Travis Henry – Early Shawn Kemp
DeAngelo Hall – Michael Vick
Alex Rodriguez – Derek Jeter
Derek Jeter – Muscle Bound Female Stripper
I don’t know which one should be more offended by the Shockey-Winehouse comparison, but it’s brilliant.
As for Quincy Carter, anyone who’s heard him “speak” knows that his natural costume is Mushmouth from the Fat Albert crew.
Travis Henry – Ricky Williams
Jerry Jones – Yosemite Sam
Bob Saunders — Fred “The Hammer” Williamson
Brian Urlacher — Beldar Conehead
Rex Grossman — Tony Romo
Mike Tirico — Bryan Gumbel
Shannon Sharpe — Jar Jar Binks (same as last year, and the year before0
Joe Buck – Joseph Smith
Wes Welker – Giselle Bundchen
Kellen Winslow – Coast Guardsman
Carson Palmer – Carson Palmer circa 2005
Derek Anderson – Tony Romo
Brian Leonard – Brian Leonard in blackface
Hey, Brady Quinn is way prettier than Sarah Jessica Parker.
No homo.
The Jets – A real NFL Team
Al Davis- Emperor Palpatine
Oh wait, no need to dress up, they’re the same person.
yah nothing is gonna beat Jeff George as Uncle Rico, although T.J. Housh as Prnce Akeem would be close.
Brady Quinn – Dorothy from the Wizard of Oz
Chad Pennington – Kellen Clemens
Eric Mangini – Bill Belicheck
Bill Belicheck – himself
Andy Reid will be going as Mike Holmgrem…dressed as William Howard Taft.
Tohy Siragusa – A refrigerator
Tom Brady – Son of a Bitch
Mike Shanahan – The rat from that Charlotte’s Web cartoon
Cleo Lemon – Lime
jim sorgi – wesley crusher?
Tavaris Jackson – Randall Cunningham
(mostly in the hopes that he will get struck by lightning and turn into Randall Cunningham)
JP Losman – Mr.

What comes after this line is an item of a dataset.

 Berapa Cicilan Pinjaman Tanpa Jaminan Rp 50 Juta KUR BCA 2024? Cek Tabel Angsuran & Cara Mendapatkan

Bill from SNL
Tony Kornheiser – Brett Favre’s jock strap
Shaun Alexander – Tiki Barber, after chugging four bottles of Nyquil
Tom Brady – Lieutenant Dan
This, of course, after Dwight Freeney catches him on the way home tonight and gives a cheap shot to his kneecaps, collects the $50 and Reese’s, all while doing America a great service.
Corey Dillon’s neck – a Sharpee
Jared Lorenzen – Farva from Super Troopers
Halloween isn’t a holiday but the Friday/Saturday closest to the 31st is. Boobies and booze, that’s exactly how my bible defines a holiday.